TASK STATEMENT: Across the entries below, count the lines that contain the word "Paris" and reply with that number only.

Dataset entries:
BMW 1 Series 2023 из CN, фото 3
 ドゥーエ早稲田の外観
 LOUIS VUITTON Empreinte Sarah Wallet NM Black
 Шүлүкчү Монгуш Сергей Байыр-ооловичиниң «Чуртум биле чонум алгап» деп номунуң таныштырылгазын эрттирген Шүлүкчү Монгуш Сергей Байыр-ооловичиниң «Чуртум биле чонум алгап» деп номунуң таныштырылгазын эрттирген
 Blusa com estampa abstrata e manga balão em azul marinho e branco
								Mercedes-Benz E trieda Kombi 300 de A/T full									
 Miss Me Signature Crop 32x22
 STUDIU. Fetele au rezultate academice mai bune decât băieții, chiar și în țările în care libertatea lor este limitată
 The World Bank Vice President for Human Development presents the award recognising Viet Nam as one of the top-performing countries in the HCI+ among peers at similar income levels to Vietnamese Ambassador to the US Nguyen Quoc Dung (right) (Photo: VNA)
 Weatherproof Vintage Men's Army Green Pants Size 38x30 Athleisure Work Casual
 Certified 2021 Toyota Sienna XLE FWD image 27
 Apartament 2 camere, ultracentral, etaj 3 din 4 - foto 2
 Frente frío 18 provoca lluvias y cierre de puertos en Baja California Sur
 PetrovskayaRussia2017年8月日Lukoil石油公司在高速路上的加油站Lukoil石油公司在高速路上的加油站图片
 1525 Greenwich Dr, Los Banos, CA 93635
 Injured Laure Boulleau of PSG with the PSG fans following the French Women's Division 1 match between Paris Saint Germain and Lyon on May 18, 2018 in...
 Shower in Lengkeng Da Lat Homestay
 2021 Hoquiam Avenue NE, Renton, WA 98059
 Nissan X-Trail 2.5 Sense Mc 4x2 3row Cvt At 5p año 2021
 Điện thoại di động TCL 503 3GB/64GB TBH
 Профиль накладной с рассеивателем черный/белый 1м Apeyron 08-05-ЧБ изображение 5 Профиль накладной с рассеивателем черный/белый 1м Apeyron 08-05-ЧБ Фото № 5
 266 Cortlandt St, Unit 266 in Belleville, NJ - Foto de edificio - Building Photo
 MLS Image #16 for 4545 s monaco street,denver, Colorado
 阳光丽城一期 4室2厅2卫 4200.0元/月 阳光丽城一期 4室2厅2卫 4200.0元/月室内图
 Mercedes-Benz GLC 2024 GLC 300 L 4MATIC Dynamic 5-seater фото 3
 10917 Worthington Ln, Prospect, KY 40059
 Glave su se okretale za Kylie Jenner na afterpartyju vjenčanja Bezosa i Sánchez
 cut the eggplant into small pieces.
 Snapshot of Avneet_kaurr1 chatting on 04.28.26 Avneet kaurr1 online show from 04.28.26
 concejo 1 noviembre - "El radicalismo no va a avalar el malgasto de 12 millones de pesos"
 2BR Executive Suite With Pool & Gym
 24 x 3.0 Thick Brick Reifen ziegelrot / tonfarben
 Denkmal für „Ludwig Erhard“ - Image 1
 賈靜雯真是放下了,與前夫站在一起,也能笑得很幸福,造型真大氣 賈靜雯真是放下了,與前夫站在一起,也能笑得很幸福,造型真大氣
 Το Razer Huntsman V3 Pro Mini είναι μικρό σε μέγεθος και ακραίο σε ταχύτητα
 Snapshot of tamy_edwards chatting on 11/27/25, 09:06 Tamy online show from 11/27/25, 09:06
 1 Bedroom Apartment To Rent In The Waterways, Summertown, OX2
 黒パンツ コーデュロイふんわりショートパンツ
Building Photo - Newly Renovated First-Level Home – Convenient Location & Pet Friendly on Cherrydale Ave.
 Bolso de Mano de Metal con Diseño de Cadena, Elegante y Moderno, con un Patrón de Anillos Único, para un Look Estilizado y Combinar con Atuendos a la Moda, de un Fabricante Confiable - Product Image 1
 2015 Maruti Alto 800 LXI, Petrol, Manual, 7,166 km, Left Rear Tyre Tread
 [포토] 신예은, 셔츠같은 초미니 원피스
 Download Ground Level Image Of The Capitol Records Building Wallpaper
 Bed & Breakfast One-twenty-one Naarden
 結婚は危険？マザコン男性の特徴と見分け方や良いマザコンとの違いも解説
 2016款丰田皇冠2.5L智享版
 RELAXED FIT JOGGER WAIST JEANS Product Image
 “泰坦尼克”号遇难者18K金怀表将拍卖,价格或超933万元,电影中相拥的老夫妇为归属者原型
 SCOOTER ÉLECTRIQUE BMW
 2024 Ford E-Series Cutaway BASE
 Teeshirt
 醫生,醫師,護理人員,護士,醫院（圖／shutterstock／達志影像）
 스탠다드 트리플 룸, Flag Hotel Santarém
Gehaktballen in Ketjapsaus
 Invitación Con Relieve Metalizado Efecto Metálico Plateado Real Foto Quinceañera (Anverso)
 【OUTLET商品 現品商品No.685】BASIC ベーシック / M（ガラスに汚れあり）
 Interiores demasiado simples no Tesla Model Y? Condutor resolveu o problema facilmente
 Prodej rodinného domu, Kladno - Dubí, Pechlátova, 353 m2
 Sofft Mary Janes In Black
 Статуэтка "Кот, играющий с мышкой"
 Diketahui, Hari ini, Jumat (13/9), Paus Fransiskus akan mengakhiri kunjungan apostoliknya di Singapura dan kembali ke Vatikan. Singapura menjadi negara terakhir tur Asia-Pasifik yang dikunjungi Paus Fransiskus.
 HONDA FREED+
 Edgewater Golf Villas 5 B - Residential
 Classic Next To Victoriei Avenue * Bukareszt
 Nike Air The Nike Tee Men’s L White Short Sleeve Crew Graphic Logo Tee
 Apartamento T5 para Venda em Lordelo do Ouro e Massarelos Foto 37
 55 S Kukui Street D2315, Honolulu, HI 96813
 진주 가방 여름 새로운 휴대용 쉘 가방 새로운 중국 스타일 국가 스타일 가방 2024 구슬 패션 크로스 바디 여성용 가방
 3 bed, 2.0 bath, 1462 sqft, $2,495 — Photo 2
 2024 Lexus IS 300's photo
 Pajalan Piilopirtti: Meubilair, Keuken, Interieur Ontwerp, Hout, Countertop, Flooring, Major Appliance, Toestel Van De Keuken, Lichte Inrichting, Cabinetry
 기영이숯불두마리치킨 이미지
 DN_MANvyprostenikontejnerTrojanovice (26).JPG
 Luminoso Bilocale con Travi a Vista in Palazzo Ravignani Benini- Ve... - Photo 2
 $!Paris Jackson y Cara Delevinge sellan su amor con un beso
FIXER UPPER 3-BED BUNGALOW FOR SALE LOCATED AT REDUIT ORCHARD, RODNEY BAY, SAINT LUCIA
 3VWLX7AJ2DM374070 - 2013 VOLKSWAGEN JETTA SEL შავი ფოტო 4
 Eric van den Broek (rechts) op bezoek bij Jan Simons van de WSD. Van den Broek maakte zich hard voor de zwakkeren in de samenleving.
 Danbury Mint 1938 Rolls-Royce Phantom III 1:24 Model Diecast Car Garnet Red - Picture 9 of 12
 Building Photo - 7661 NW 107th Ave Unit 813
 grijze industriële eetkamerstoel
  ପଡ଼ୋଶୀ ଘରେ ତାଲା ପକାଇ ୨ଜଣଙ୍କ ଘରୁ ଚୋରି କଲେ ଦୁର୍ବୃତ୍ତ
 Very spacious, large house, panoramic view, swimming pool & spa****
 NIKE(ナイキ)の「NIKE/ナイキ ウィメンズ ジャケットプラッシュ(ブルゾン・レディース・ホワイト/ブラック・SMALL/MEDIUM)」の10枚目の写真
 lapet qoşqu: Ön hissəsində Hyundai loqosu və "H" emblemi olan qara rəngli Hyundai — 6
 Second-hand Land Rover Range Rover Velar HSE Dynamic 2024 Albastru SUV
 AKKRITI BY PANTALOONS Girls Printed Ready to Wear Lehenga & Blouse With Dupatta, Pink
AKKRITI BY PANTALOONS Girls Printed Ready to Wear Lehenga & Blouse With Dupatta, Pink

SOLUTION BELOW: 2